Isaac Nebelsieck

So first off, I started off with more of a jungle theme because the main message behind my piece is like life and nature and like just what it is. So I thought jungle would be a perfect theme because there’s lots of life in jungles. Where as like here you have pine trees and stuff. I just feel like it is a lot more colorful in the jungle. You get to see more just general life and the main message behind my piece is to bring back the circle of life. I didn’t really tie it in with humans at all in the actual art piece but my message I think is that in our society we need to bring back the circle of life because we kind of have lost that. When we take stuff out of the earth we don’t really put back. We don’t put back more than what we are supposed to. Whereas like with birds for example you see they’ll eat fruit they take from the trees and then they’ll poop out the seeds and then plant new life. I feel like as humans we have lost that. I wanted to just show kind of the beauty of nature and that’s also why I went with a beach because it’s open, it’s peaceful and you almost can look at the ocean. In certain places you can see how untouched it is but in certain places you can see how much we have touched it and how much for example plastic we have put into it and how much we have taken from the earth and then put back but not in the most positive way; put back in an awful way, instead of helping it [earth].

I kind of see it as something, as some environment we’ve impacted but we don’t really know we’ve impacted it. When I am walking through streets and stuff, I see all this garbage on the ground, I am thinking ‘you know we put all this waste into the earth and not that many people know that they are actually doing that.’ You go to the supermarket and you buy a plastic jar for example. You throw it away. You think ‘oh, this isn’t really going to go int the planet somewhere.’ In reality it ends up going somewhere. It ends up going in the planet. I think it is just kind of sad that it has become kind of our reality. What we use just becomes trash on the ground. I think as humans, we just need to learn how to put back into the earth. How I have grown up my family has really taught me that message ‘put back what you take’ and that means either planting or if you can clean up, clean up when you have the chance too and sometimes that is difficult to do. We really just need to focus on how we can make our world beautiful again instead of a garbage can kind of what it has become. Treat it more as some beautiful thing that we have, that is a privilege to have and you just kind of mess it all up.

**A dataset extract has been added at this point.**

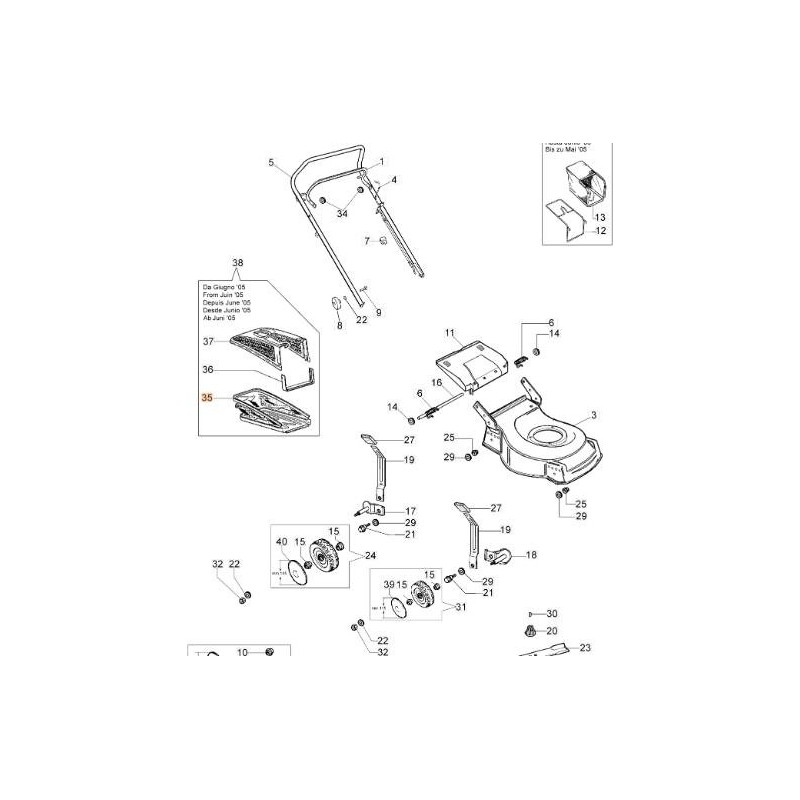 ORIGINAL EMAK BAG 66070138R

I like to kind of go with messy almost but not like completely perfect. That is just how I kind of like to draw. Nothing is really perfect. I feel the little mess ups make it what it is, kind of puts your own uniqueness into it almost. One thing that I also represent in this is, you can’t nowadays go to a nice beach like this without seeing garbage because it is always there, no matter where you go, there is always going to be garbage really. It [the drawing] kind of represents what we could see. We could see a beautiful beach with a beautiful sunset and beautiful plants growing. Instead we like to throw away and we haven’t gotten the chance to see that.

Bring back the circle of life. by Isaac Nebelsieck

In collaboration with Isaac Bring back the Circle of Life will be a dance choreography at Gonzaga’s Magnuson Theatre, June 2021.

* Anonymous TCS

What do you see, what do you envision?

I see a world that has no hope left because humans have destroyed ever beautiful things in the world. 

 

Do you have any concerns? What needs to change?

Everything needs to change. People need to know that we are going in the wrong direction. We need to focus on bringing the world back to health. We need to become more independent.